- **Task prompt**
Exactly repeat all the records below, omitting the images they hold.

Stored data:

[Start of Attachment]

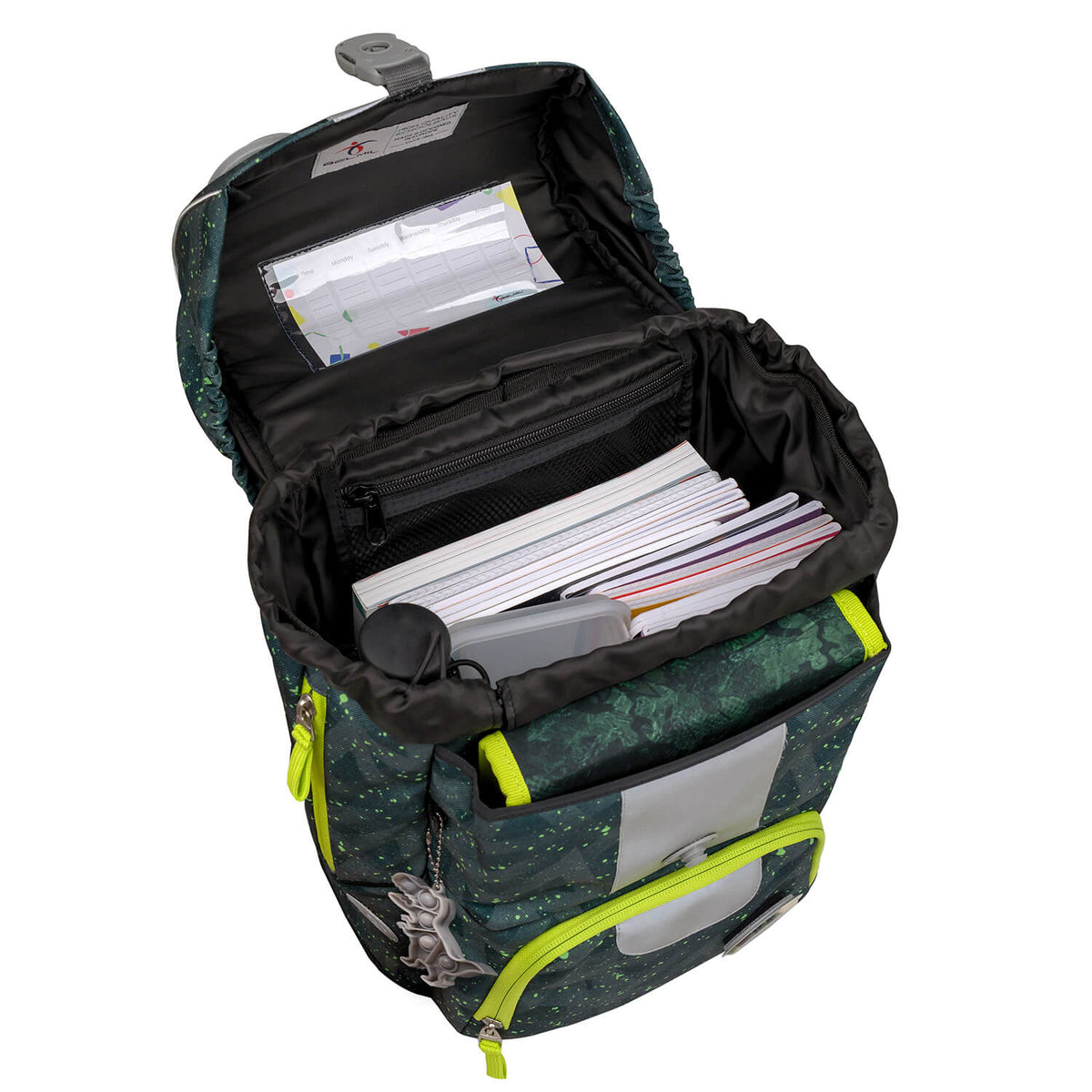 Overall view of the Belmil Motion school bag set, showcasing its ergonomic design and vibrant colors.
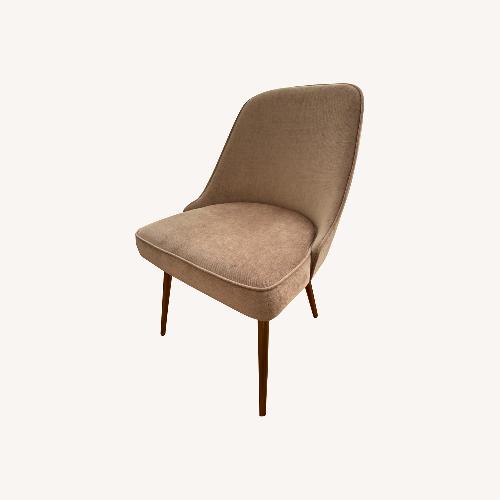 Used West Elm Mid-Century Chair Pink Velvet Metal Legs for sale on AptDeco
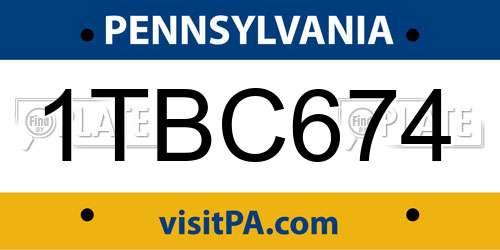 1TBC674 Pennsylvania License Plate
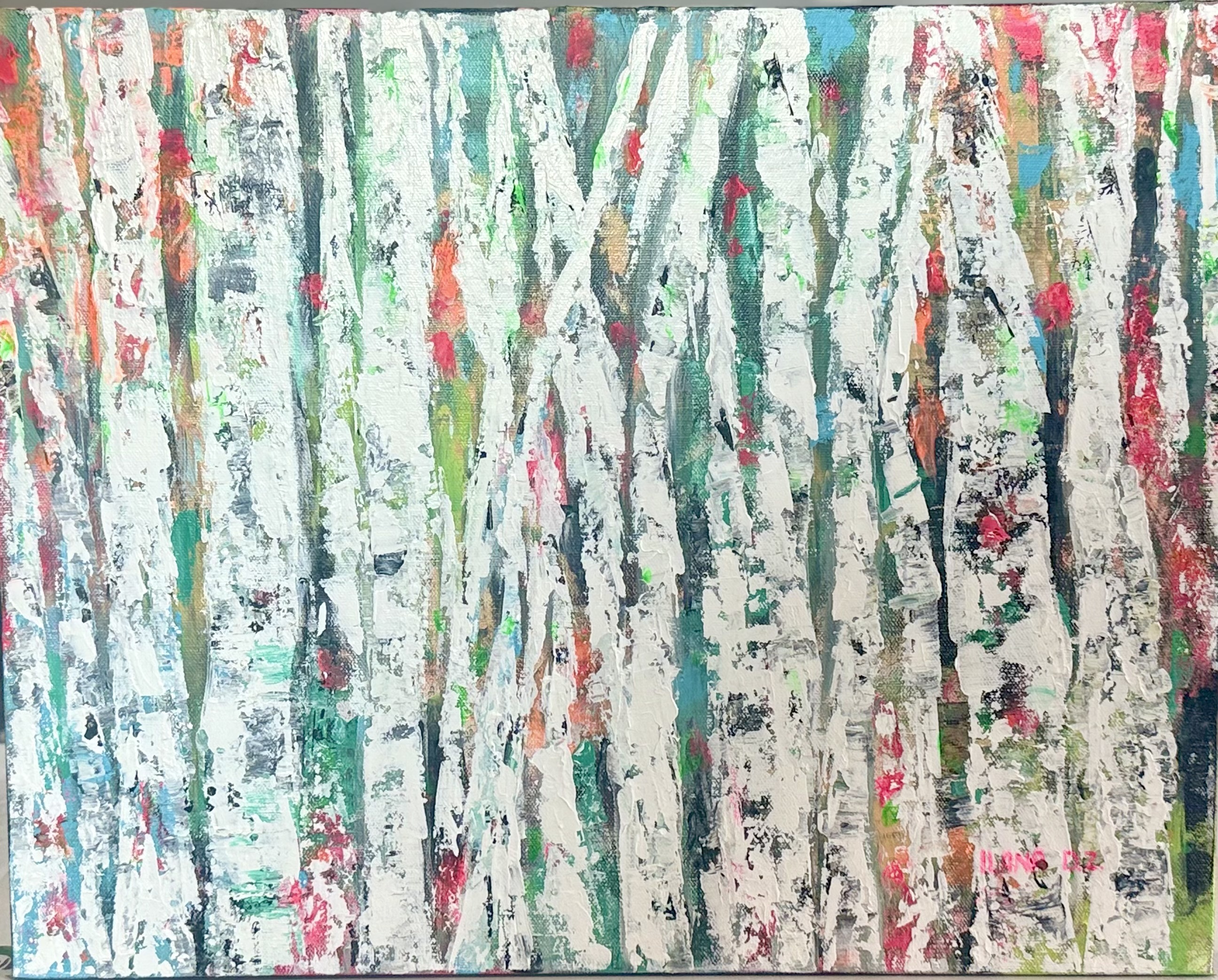 Abstract Birch Tree Painting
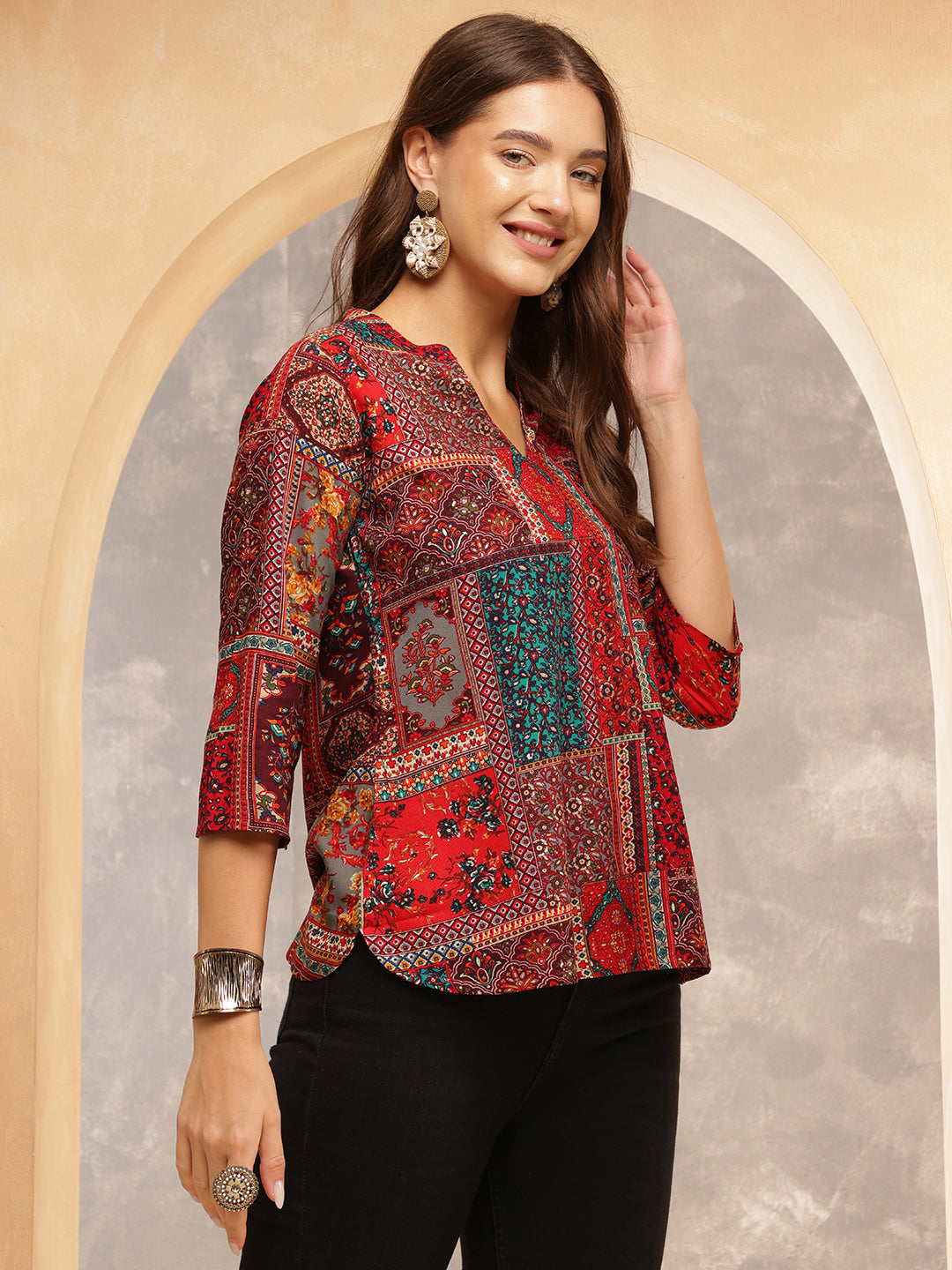 Printed Viscose Rayon Three-Quarter Sleeves Top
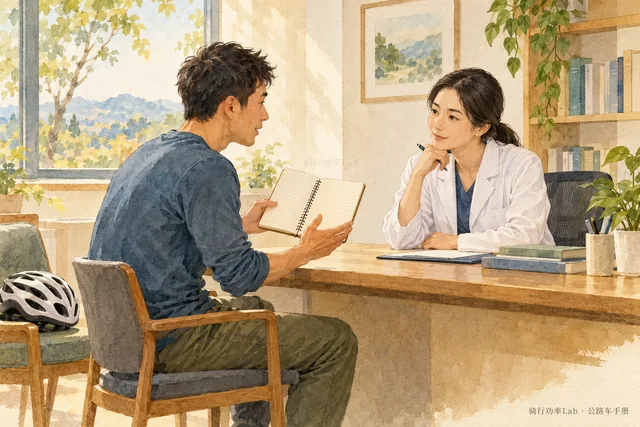 把症状记录带给专业人员，骑行建议不能替代医学评估。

[End of Attachment]

- **Written solution**
 Overall view of the Belmil Motion school bag set, showcasing its ergonomic design and vibrant colors.
 Used West Elm Mid-Century Chair Pink Velvet Metal Legs for sale on AptDeco
 1TBC674 Pennsylvania License Plate
 Abstract Birch Tree Painting
 Printed Viscose Rayon Three-Quarter Sleeves Top
 把症状记录带给专业人员，骑行建议不能替代医学评估。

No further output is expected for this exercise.